Problem to solve | Reproduce the data below exactly. Skip the pictures.

Recorded information |
------------------------

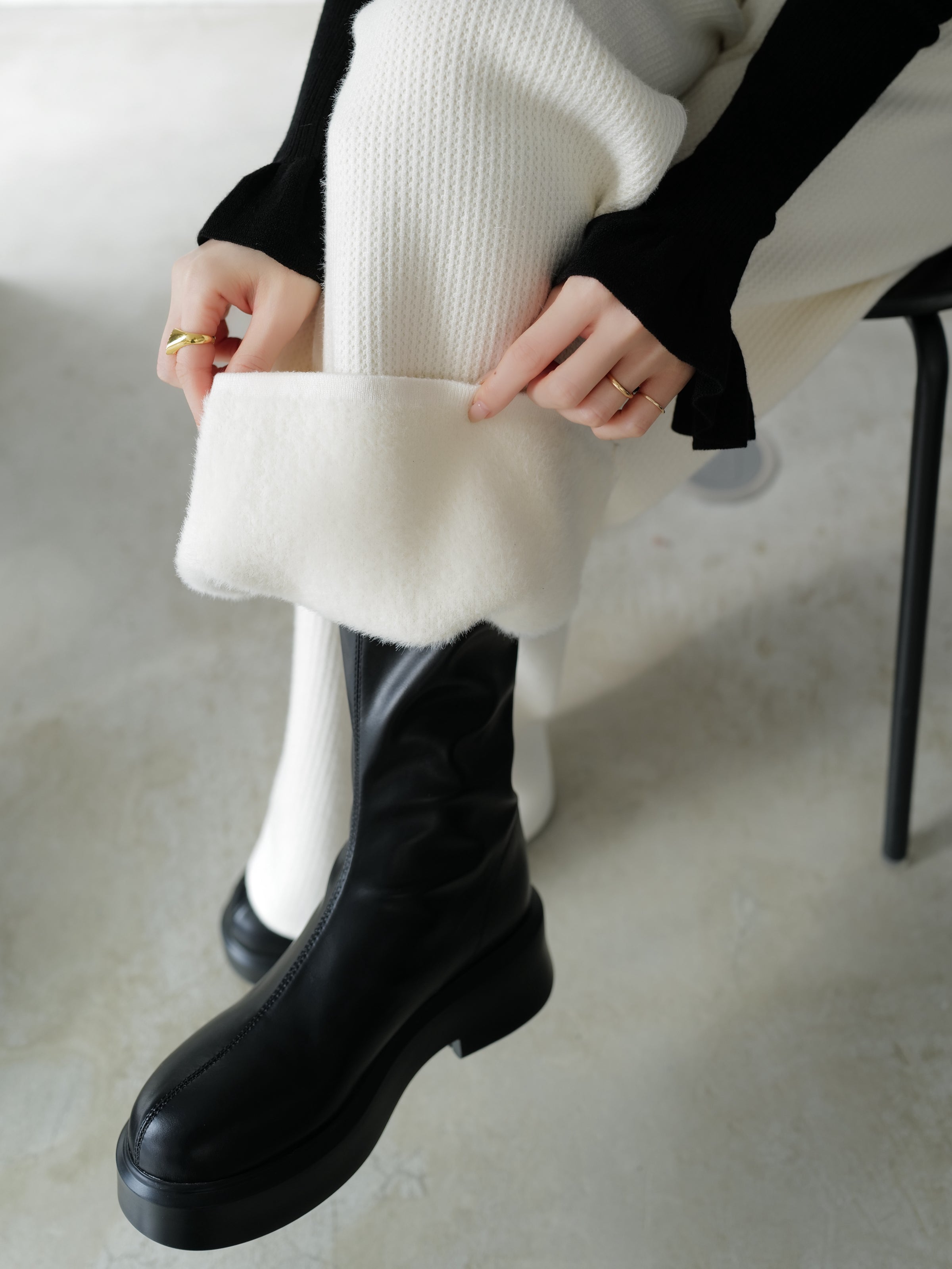 brushed seed stitch knit pants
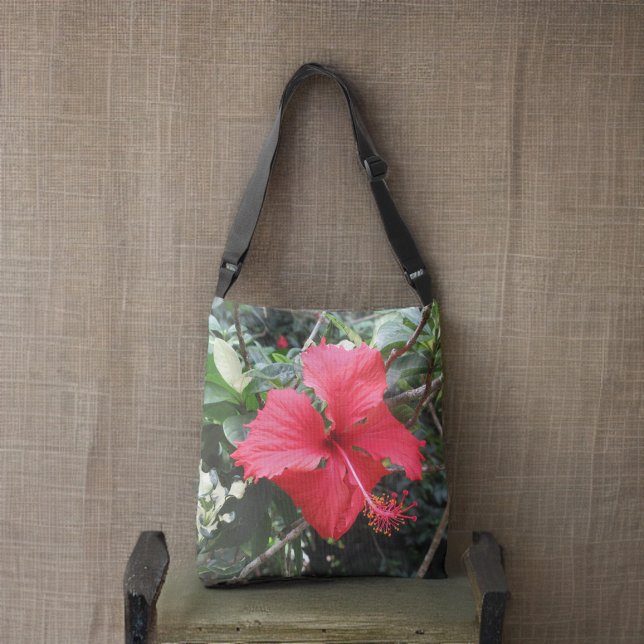 Tropical Red Hibiscus Flower Crossbody Bag (Creator Uploaded)
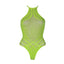Halter Tie Neck Bodysuit Neon Green Plus Size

------------------------

Answer to the problem |
 brushed seed stitch knit pants
 Tropical Red Hibiscus Flower Crossbody Bag (Creator Uploaded)
Halter Tie Neck Bodysuit Neon Green Plus Size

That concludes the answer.